Lottando contro di loro per difendersi li avrebbe scoperti. Quindi per il ragazzo sarebbe omicidio volontario, perchè inizialmente avevano detto di voler solo le cose di valore senza intenzione di fare male a nessuno. Queste dichiarazioni sono importanti per la ricostruzione dei fatti e non solo. 

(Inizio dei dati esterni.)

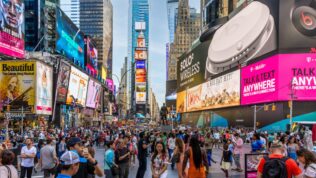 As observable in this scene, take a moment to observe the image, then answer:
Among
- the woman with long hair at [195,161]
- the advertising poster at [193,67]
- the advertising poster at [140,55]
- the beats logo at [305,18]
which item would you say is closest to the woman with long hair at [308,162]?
the woman with long hair at [195,161]

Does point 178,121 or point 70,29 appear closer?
point 70,29

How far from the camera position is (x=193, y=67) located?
367ft

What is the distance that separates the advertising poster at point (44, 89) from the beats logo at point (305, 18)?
37.0 m

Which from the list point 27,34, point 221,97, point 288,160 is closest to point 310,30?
point 221,97

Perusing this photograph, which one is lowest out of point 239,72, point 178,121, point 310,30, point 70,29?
point 178,121

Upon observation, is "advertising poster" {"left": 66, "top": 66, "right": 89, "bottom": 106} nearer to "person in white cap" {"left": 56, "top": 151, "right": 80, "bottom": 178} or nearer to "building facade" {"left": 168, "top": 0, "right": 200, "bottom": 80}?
"person in white cap" {"left": 56, "top": 151, "right": 80, "bottom": 178}

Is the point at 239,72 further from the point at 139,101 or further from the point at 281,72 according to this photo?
the point at 139,101

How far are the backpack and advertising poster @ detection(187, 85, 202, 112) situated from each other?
95.3 metres

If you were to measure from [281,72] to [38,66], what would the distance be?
35059 millimetres

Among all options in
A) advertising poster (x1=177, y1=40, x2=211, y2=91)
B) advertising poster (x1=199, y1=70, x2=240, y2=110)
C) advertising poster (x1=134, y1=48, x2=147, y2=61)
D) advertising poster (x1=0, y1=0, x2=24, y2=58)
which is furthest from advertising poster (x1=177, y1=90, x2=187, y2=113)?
advertising poster (x1=0, y1=0, x2=24, y2=58)

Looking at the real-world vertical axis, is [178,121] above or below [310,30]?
below

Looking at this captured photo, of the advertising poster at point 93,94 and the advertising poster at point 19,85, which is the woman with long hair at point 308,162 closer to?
the advertising poster at point 19,85

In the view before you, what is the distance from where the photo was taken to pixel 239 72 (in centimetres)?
7269

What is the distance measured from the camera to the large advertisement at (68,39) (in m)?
88.6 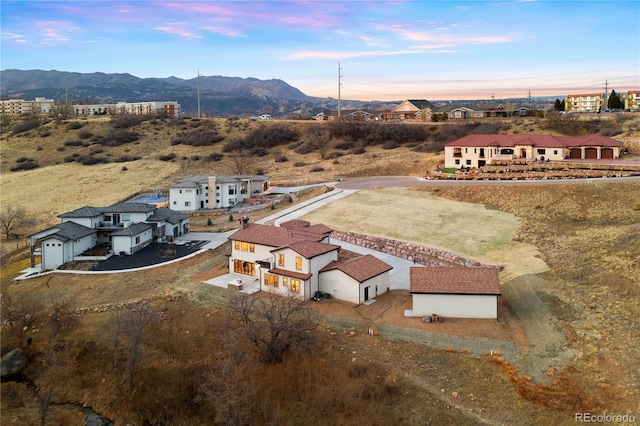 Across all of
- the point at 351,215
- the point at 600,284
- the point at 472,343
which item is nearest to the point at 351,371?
the point at 472,343

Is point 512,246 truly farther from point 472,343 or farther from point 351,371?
point 351,371

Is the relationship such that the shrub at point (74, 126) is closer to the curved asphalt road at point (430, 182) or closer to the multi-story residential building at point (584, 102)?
the curved asphalt road at point (430, 182)

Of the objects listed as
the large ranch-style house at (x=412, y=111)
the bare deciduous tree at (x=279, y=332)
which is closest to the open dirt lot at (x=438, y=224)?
the bare deciduous tree at (x=279, y=332)

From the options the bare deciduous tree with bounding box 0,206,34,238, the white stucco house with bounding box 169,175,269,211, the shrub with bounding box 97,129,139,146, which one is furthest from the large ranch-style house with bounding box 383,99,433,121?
the bare deciduous tree with bounding box 0,206,34,238

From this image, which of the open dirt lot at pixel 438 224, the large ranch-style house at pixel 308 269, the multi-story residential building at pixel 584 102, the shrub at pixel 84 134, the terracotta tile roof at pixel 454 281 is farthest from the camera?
the multi-story residential building at pixel 584 102

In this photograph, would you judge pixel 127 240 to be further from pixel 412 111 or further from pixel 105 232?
pixel 412 111

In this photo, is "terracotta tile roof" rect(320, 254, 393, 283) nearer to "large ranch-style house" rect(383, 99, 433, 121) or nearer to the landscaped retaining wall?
the landscaped retaining wall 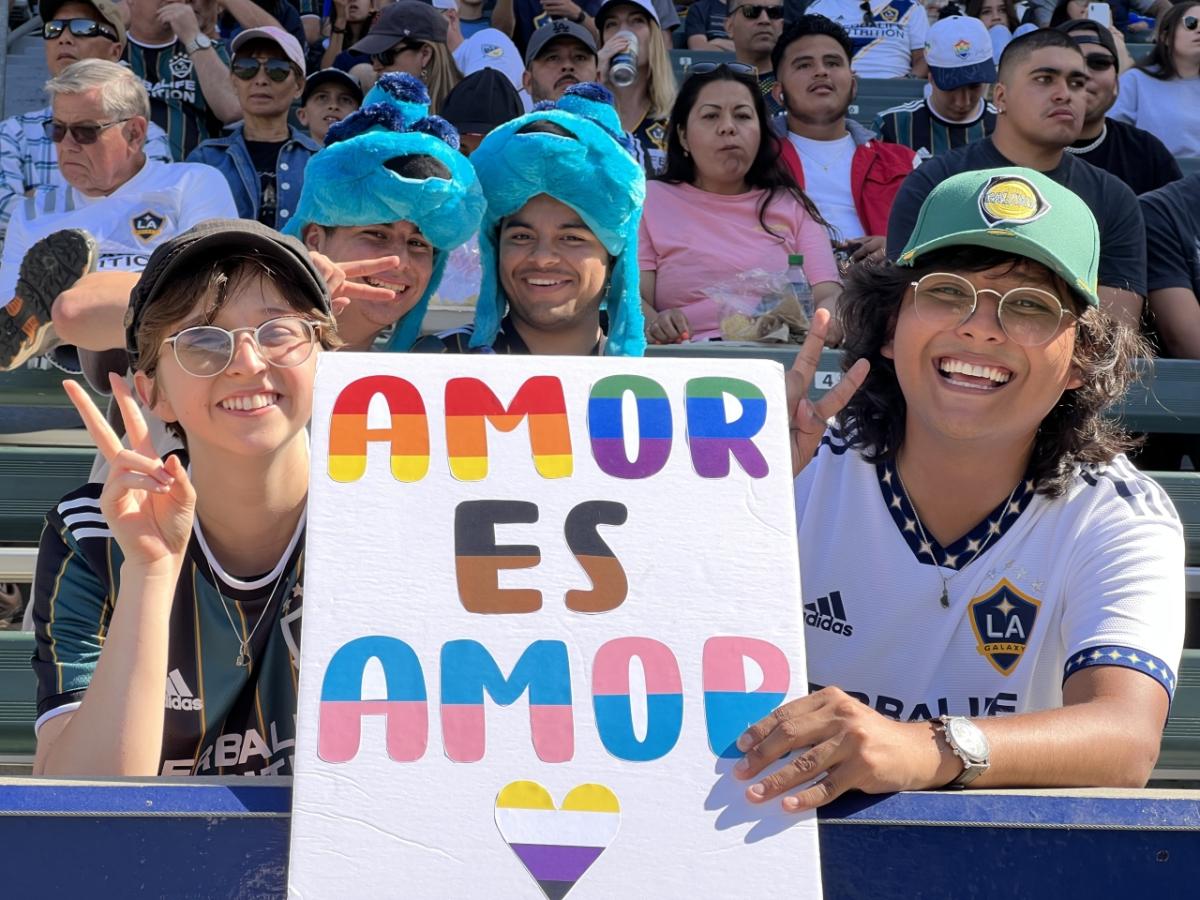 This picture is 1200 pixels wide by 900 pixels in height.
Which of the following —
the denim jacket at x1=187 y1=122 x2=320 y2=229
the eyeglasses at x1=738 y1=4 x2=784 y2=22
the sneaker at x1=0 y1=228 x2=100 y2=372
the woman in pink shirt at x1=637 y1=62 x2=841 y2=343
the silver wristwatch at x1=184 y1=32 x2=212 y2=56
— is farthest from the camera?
the eyeglasses at x1=738 y1=4 x2=784 y2=22

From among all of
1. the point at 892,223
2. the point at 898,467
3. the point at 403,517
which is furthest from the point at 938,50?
the point at 403,517

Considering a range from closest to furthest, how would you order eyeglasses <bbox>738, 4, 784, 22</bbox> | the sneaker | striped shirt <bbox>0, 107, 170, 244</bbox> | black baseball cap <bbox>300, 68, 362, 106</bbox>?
the sneaker, striped shirt <bbox>0, 107, 170, 244</bbox>, black baseball cap <bbox>300, 68, 362, 106</bbox>, eyeglasses <bbox>738, 4, 784, 22</bbox>

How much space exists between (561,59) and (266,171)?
50.6 inches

I carabinieri milanesi e il pm Bruna Albertini assicurano che ancora nessuno è iscritto nel registro degli indagati, ma intanto hanno interrogato di nuovo la colf della famiglia, la 22 enne moldava Tatiana, nella speranza di nuovi elementi, magari nel suo giro di amicizie è possibile trovare uno spunto per far luce sulla vicenda, con lei è stata anche ascoltata la testimonianza della mamma della giovane straniera, ma sempre e solo come testimone e nulla più.

Oggi, nel giorno dei funerali di Marzio Colturani nella chiesa di Sant'Ambrogio a Milano, la parola sicurezza acquisisce un significato diverso. Se ne sente la mancanza e tanto e per rassicurare i cittadini non bastano le belle parole. Disgrazie come questa non devono succedere, essere violati della vita nella propria casa è una cosa che fa veramente paura. Trovare gli assassini, forse in parte, consolerà i familiari della vittima, ma non farà dimenticare a tutti che questo non deve più succedere.